Al sur de la isla, cerca de Narsaq, una localidad en la que viven no más de 3.000 personas la mayoría dedicadas a la pesca, descansa uno de los yacimientos de neodimio más grandes del mundo, capaz de competir con los de China, el gran productor de este elemento. Solo el valor de esta mina, según calcula Arnaut, equivaldría al 25% de toda la ayuda que aporta Dinamarca para el sostén económico de la isla. A pesar de esto, en 2021, el Inuit Ataqatigiit ganó las elecciones porque, precisamente, se opuso a este proyecto por sus posibles efectos ecológicos. “No solo por eso”, explica Arnaut, “también porque los inuit no tienen tradición minera, porque habría que contratar trabajadores de fuera, que habría que alojarlos, y no hay viviendas para ellos, y posiblemente se contaminaría la pesca”.

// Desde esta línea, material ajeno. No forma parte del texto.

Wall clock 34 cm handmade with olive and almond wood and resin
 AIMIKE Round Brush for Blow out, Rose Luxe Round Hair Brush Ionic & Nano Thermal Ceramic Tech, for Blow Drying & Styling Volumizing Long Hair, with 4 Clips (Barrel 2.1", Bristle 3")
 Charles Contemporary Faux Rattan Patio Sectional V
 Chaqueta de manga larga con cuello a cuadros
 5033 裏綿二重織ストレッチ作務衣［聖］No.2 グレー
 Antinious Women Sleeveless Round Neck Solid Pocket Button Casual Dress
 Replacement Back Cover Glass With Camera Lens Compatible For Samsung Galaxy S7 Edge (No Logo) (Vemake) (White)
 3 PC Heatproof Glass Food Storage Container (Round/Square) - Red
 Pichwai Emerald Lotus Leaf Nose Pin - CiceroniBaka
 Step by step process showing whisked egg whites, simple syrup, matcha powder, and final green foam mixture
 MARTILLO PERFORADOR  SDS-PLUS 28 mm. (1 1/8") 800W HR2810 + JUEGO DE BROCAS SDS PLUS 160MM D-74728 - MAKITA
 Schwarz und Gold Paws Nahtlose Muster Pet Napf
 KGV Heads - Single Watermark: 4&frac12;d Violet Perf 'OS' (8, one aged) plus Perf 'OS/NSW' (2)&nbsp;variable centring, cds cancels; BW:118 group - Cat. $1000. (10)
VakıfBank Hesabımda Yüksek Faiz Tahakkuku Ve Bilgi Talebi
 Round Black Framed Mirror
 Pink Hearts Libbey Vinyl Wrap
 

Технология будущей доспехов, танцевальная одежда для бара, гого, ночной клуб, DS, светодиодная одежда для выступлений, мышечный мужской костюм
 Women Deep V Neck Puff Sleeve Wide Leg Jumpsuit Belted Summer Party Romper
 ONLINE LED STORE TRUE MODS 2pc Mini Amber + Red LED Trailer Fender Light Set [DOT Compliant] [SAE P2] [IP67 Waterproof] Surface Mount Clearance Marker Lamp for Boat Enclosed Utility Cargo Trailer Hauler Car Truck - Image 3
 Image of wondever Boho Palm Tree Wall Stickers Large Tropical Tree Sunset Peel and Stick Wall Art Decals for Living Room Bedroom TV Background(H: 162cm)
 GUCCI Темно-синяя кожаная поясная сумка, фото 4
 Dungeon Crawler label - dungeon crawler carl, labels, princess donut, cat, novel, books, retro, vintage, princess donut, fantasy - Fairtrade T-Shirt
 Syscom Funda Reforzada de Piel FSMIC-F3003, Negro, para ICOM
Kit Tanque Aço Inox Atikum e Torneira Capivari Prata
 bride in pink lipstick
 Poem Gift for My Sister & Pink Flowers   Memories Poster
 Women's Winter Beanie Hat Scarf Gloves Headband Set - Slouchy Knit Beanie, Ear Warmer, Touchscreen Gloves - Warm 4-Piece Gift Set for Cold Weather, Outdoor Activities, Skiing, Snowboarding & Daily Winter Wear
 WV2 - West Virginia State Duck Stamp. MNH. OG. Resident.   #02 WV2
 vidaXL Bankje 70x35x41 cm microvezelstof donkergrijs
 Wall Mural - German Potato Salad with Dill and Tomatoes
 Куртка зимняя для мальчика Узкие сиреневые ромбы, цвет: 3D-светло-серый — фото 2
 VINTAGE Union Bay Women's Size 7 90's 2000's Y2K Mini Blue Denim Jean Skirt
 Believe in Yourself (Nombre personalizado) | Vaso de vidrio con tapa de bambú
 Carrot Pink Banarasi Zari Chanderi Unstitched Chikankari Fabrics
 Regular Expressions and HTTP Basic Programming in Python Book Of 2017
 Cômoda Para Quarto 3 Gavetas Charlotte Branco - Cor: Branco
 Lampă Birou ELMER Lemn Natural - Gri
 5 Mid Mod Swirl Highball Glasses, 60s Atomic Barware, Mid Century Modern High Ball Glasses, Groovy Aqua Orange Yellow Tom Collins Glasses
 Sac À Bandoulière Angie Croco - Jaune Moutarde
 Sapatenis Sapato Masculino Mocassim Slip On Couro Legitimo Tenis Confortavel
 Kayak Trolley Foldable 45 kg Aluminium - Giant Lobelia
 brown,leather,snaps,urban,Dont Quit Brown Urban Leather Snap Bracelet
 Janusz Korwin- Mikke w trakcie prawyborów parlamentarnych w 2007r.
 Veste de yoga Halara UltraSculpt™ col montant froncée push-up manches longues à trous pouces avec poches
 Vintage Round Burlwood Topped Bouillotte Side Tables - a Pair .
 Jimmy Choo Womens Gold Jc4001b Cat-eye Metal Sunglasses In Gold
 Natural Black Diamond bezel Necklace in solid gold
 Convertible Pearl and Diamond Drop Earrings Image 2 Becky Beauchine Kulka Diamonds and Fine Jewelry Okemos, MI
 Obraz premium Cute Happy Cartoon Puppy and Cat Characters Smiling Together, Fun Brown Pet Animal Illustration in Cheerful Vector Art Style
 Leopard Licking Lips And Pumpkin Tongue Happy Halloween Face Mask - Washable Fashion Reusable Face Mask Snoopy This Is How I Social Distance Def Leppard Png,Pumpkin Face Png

Alguno ha querido ver en esa decisión un gesto esquizofrénico: se busca la independencia, pero se renuncia a una fuente ingente de recursos. Arnaut no lo ve así: “Ese hambre capitalista no existe aquí, por lo menos hasta ahora. No es propio de la cultura inuit, que no se mueve por el beneficio a corto plazo. Y yo no sé si es bueno o malo, pero es así”. Por cierto: las acciones de ETM, la empresa australiana que detenta los derechos de esa mina, que aún litiga con el Gobierno groenlandés para ponerla en funcionamiento, se han disparado desde que Trump ha vuelto a poner sus ojos en Groenlandia.
¿Es eso lo que quiere Trump? ¿Minas? ¿Es simplemente un capítulo más de la política imperialista que parece que quiere llevar a cabo cuando sea elegido, con aspiraciones también confesas en Panamá y Canadá? Jakob Kirkegaard, del instituto Brueghel, considera que el interés último de Trump en Groenlandia no está del todo claro: “El interés de Trump por Groenlandia primeramente le viene por su afición por los mapas. Vio que Groenlandia es grande y que está a medio camino entre EE UU y Rusia. Y quiere Groenlandia, o algo relacionado con ella. Pero no creo que sea muy racional. No le importa el hecho de que Dinamarca sea un aliado de EE UU con un tratado de por medio. Y no entiende que si pone aranceles económicos a Dinamarca se enfrenta a la contrapartida europea.”
Arnaut, por su parte, recuerda que el deshielo producido por el cambio climático ha abierto nuevas rutas comerciales —y va a abrir más en los próximos años— a través del Ártico y que EE UU busca tener acceso desde su lado, que es el que ocupa Groenlandia. Y añade que la actual base que EE UU tiene en Groenlandia al norte, dispone, entre otros operativos, de un sistema de detección de misiles. Y que una de las posibles aspiraciones de Trump podría ser la de instalar más bases parecidas para poseer mejores y más ajustados detectores de misiles provenientes de Rusia o de China. “Tal y como está el mundo, puede pasar cualquier cosa”, añade. La isla más grande del mundo, pues, tal vez a su pesar, se ha vuelto de golpe geoestratégicamente vital y crucial desde el punto de vista logístico. La remota roca helada de pronto se ha colocado en varias de las encrucijadas del mundo y sus 57.000 habitantes no acaban de verlo claro.